Actually, wait — let me re-check. The test uses launch_fused_softmax_topk<K> which uses the default WARPS_PER_BLOCK = 8. With B=4, T=8, there are 32 rows. Grid = ceil(32/8) = 4 blocks. Each block has 8 warps, each handling one row. So warp 0 in block 0 handles row 0, warp 1 handles row 1, etc.

In cross_warp_merge, warp 0 merges all 8 heaps and writes to row_out_probs which is row 0's output. Warps 1-7 don't write anything. So rows 1-7 in each block get uninitialized output.

This is a real bug. The test would fail unless the test only checks row 0 (which it does print, but verify() checks all rows).

Hmm, but the verify() function checks bt from 0 to B*T-1. If rows 1-7 have garbage, it should fail. Unless... the __syncthreads() at the end of the kernel causes warps 1-7 to also reach the end, but they don't write. The output arrays are allocated with cudaMalloc which gives uninitialized memory. So rows 1-7 would have garbage.

This is a critical correctness bug in GLM-5.

But wait — I should double-check my understanding. Let me look at the kernel again:

int row = blockIdx.x * WARPS_PER_BLOCK + warp_id;
if (row >= B * T) return;

// ... pointers for this row ...

// Phase 1: local pass
local_pass<K>(logits_row, V, warp_max, warp_sum, heap);

// Store partials in shared memory
if (lane_id == 0) {
    smem.warp_max[warp_id] = warp_max;
    smem.warp_sum[warp_id] = warp_sum;
}
__syncthreads();

// Compute global max and sum across warps
// ... (lane 0 of warp 0 computes global max/sum for ALL warps in block)
// ... but each warp processed a DIFFERENT row!
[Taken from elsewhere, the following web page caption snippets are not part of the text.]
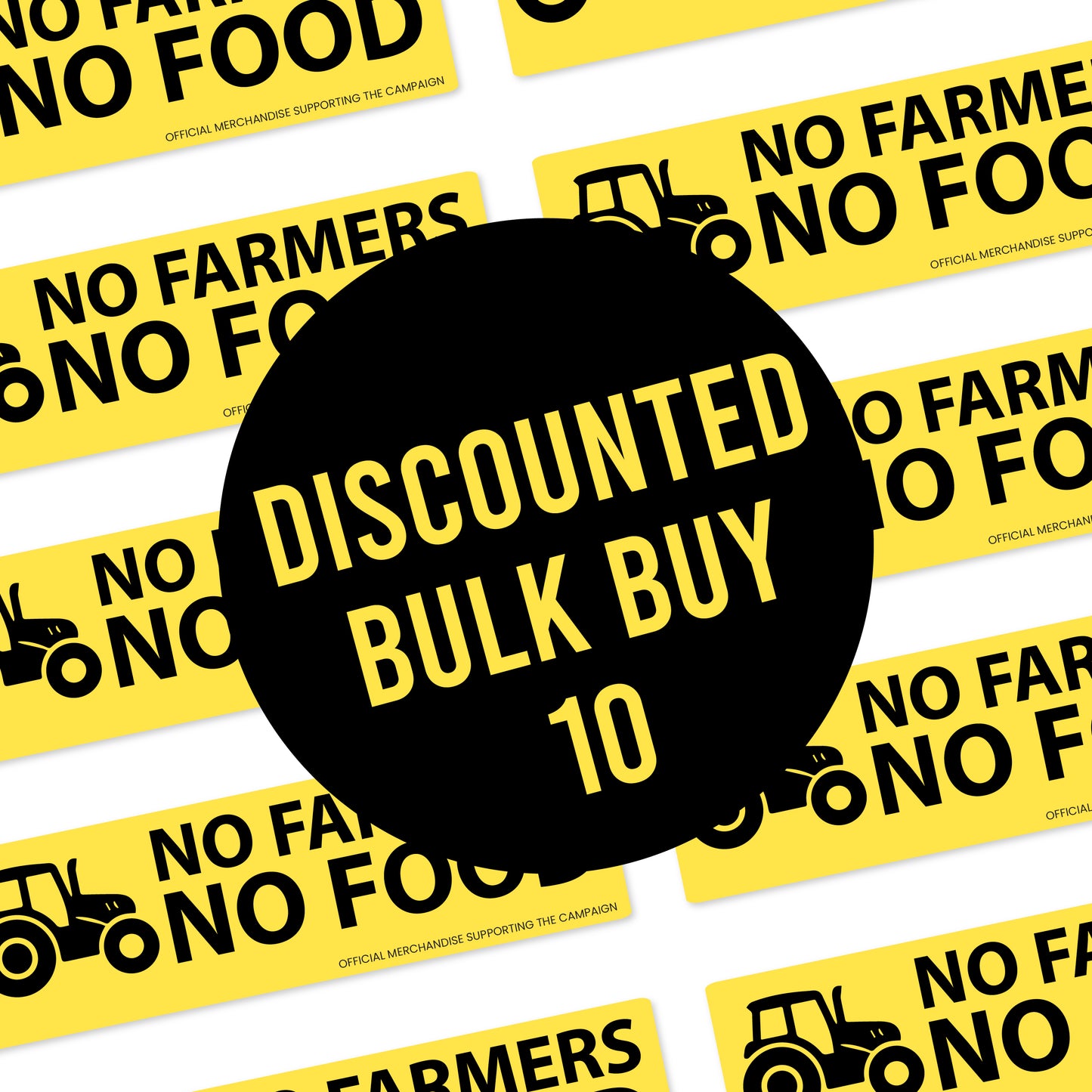 No Farmers No Food 210mm by 75mm self adhesive sticker bulk buy 10 offer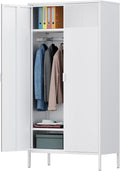 71 Inches White Metal Wardrobe Cabinet with Hanging Rod, Metal Armoire Wardrobe Closet with Doors for Bedroom, Office, Laundry Room and Changing Room, Metal Locker Cabinet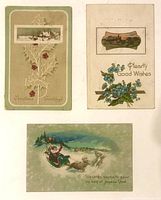 Fronts of three postcards showing illustrations and greetings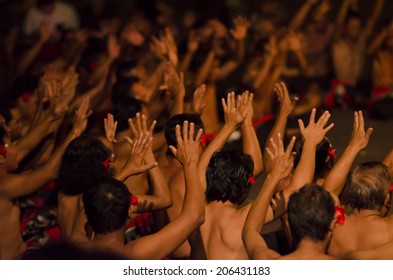 BALI, INDONESIA - JUNE 14: Presentation of traditional balinese Women Kecak Fire Dance on JUNE 14, 2014 on Bali. Kecak (also known as Ramayana Monkey Chant) is very popular cultural show on Bali.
// Wait, this is also wrong! The global max/sum computation merges across
// warps that processed DIFFERENT rows. It should only merge within a warp
// (since one warp = one row).

Yes, there's a fundamental design confusion here. The kernel says "one warp per row" but then tries to do cross-warp reductions (max/sum and heap merge) as if all warps in a block cooperated on the SAME row. This is contradictory.

When WARPS_PER_BLOCK = 1, everything works because there's only one warp per block. But with WARPS_PER_BLOCK > 1, the cross-warp logic is wrong because it conflates data from different rows.

Verdict on GLM-5 correctness: The code has a fundamental design flaw when WARPS_PER_BLOCK > 1. It would only work correctly with WARPS_PER_BLOCK = 1. This is a significant correctness issue.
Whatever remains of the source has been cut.